How Stean Blog February 2016 Otters
Otters – Lutra lutra
We have only one species of otter in the UK; the sea otter is the same species as the one that inhabits our rivers and which visits How Stean Gorge, indeed probably lives there. Do you know of a holt, an otter’s home, in Upper Nidderdale? You need to be careful because at first otters can be confused with mink so here’s a few pointers. Otters have “milk chocolate brown fur (darker when wet) with a slightly pale underside, a long slender body and long thick tapering tail, and small ears on a broad head. Adults are often a metre or more in length. They swim low in water with the top of the head and back only just visible and a V-shaped bow wave. When walking/running on land they have a marked ‘hump-back’ appearance”. American mink Neovison vison on the other hand have “plain chocolate brown/black fur (black when wet) with a white chin. They have variable white patches on throat, chest and groin and a fluffy tail about half the length of the body. It is a similar size to a polecat but much smaller than the Eurasian otter, as it is only 60cm in length. A mink swims with about half the body above the water. Its face has a slightly pointed muzzle.” Download a printable field sign guide for otter and mink from The Mammal Society. It used to be said that mink displaced otters, now it is believed that the opposite is true and otters keep mink off their territory. You only have to look at the size differences to work out which is the most likely truth.

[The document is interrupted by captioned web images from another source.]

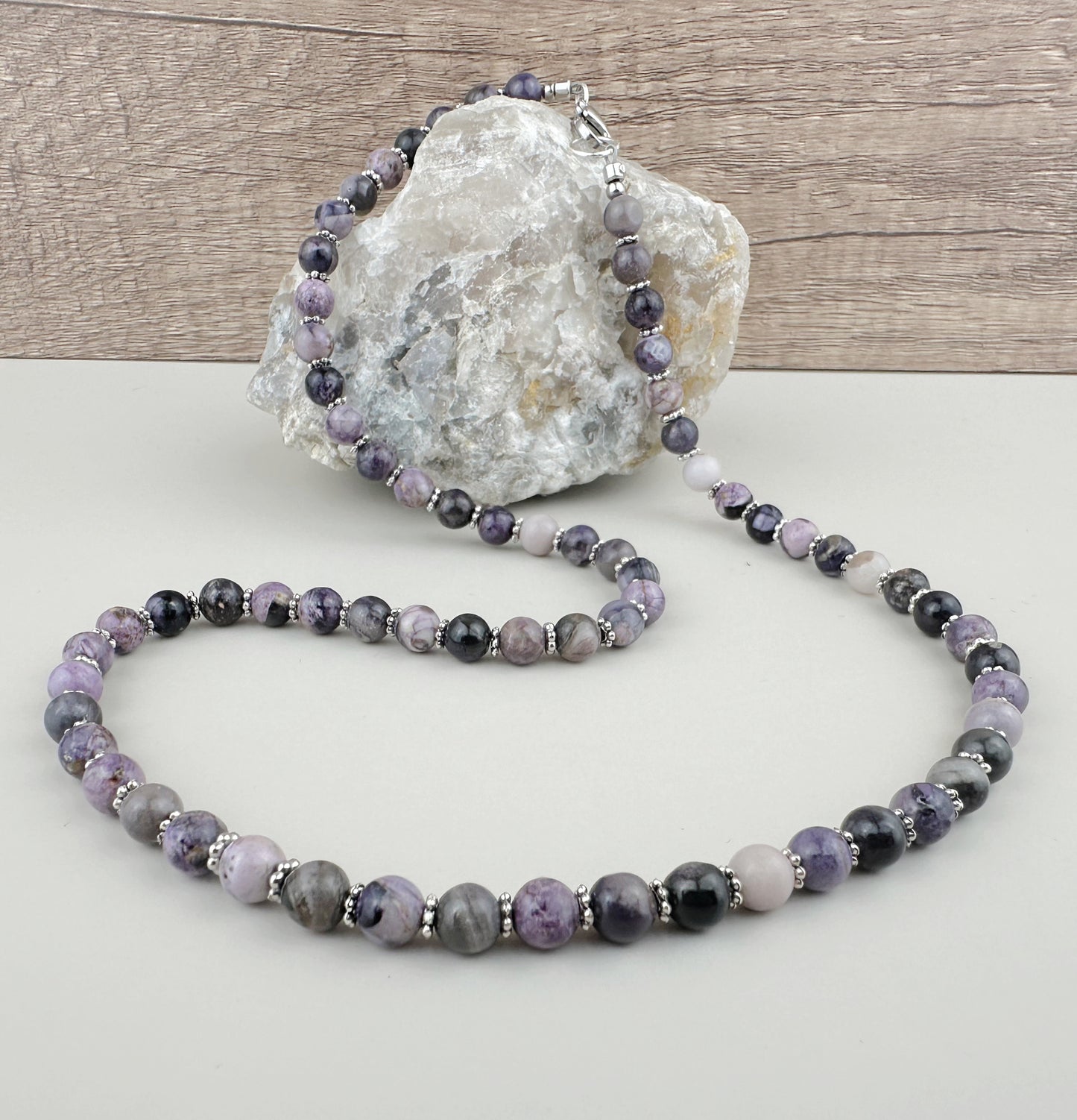 Beaded necklace with purple and gray stones on a white surface with a rock in the background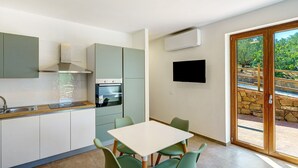 A modern kitchen with a dining area, built-in oven, and a TV mounted on the wall. - Apartment 3 - Leucosia with Sea View, Private Terrace, and Air Conditioning (Casal Velino)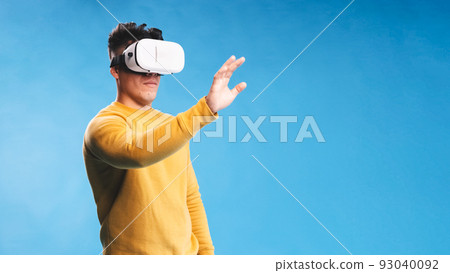 Man using VR headset while experiencing the virtual reality over an isolated background. 93040092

Otters’ main prey is fish and that provides some difficulties as unlike other mammals they can’t use smell as an aid because they have to keep their nostrils closed whilst underwater. One of the ways you can tell if they are around is by looking for spraints (piles of poo) which contain mainly fish shells, bones, shells of crustaceans, feathers or fur. Those with a keen sense of smell may be able to detect a fishy smell emanating from this tiny pile, although maybe a keen sense of smell isn’t the best attribute under the circumstances. Your chances of seeing an otter will increase if you go looking at dawn or dusk. Around this time of year male otters will get that urge to maintain the species and they can do this by climbing over the watershed to new territories. They follow the stream course as far as possible and what better route than to follow the stream through How Stean Gorge? They also need to eat on the way and their journey may well coincide with the time frogs come out of hibernation, so if you see what looks like the insides of an animal perhaps with uneaten spawn you may well have discovered the latest meal of a travelling otter.

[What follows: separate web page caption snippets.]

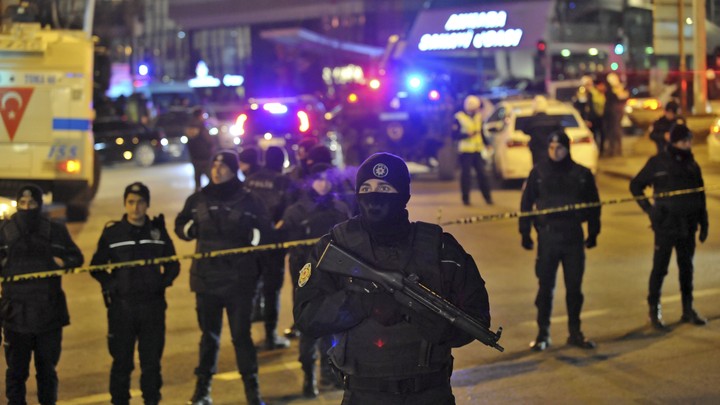 Turkish police officers cordon off the area around the gallery where Andrey Karlov was shot and killed by a gunman in Ankara on December 19, 2016.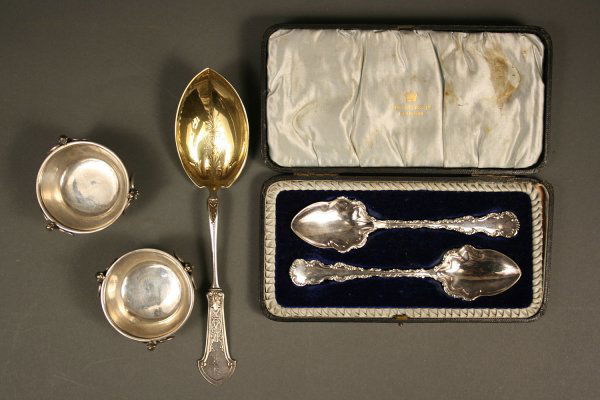 Gorham sterling and Glasgow silverplated spoons: Grouping of 19th century Gorham silver and Glasgow silverplated spoons. Two early coin silver salt cellars or salt dips, tapered round shape with mythological winged griffin supports, Lion Anchor G ma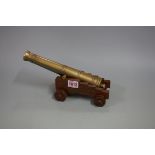 A cast brass model cannon, 26cm long, on wood four wheel stand.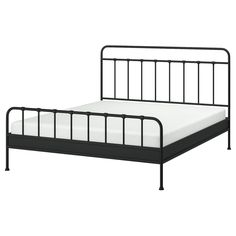 a black metal bed frame with white sheets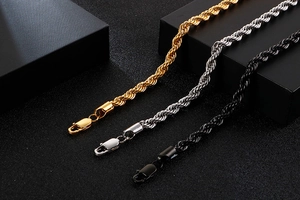 Macro shot of 6mm rope chains in gold, silver, and black with lobster clasps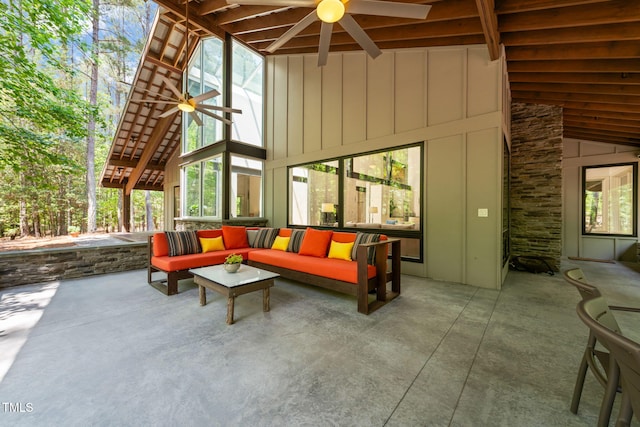 view of patio with ceiling fan and an outdoor living space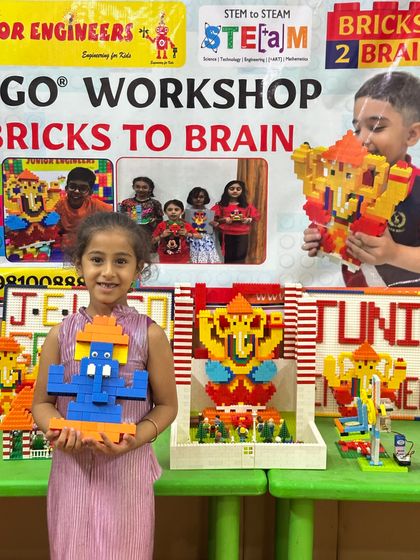 A smiling girl displays her blue and orange LEGO Ganesha in front of a table filled with other amazing creations from the workshop.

I’m pleased to say that otter numbers have increased over recent years and it is probable that our waterways, especially lower down the dale, are nearing their maximum capacity and whilst that may not please all the fishermen, some of whom have had to resort to electric fences to keep the animals out of some lakes, seeing an otter is a delight for most folk and one good place to see them is Yorkshire Wildlife Trust’s Staveley Nature Reserve.